▶ **What you need to do**
Extract, from the records beneath this instruction, each line that contains the word "Obraz".

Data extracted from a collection
--- START ---

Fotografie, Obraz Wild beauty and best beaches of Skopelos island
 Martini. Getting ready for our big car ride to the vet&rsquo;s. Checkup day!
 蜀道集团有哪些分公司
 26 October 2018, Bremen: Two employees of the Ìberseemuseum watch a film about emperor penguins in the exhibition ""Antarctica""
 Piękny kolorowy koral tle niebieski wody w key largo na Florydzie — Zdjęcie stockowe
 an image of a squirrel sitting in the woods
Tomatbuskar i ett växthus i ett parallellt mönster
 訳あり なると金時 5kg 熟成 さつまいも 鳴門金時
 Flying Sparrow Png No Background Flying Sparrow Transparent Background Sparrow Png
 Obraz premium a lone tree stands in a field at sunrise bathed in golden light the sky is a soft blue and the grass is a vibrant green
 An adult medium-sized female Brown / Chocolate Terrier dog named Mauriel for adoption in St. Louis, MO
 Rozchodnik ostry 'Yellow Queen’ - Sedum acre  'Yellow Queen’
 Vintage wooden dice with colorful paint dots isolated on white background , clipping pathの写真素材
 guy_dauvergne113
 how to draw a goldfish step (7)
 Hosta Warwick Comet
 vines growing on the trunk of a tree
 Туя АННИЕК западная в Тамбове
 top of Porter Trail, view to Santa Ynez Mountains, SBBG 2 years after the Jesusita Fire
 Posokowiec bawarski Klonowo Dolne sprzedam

--- END ---

▶ **Answer to this exercise**
Fotografie, Obraz Wild beauty and best beaches of Skopelos island
 Obraz premium a lone tree stands in a field at sunrise bathed in golden light the sky is a soft blue and the grass is a vibrant green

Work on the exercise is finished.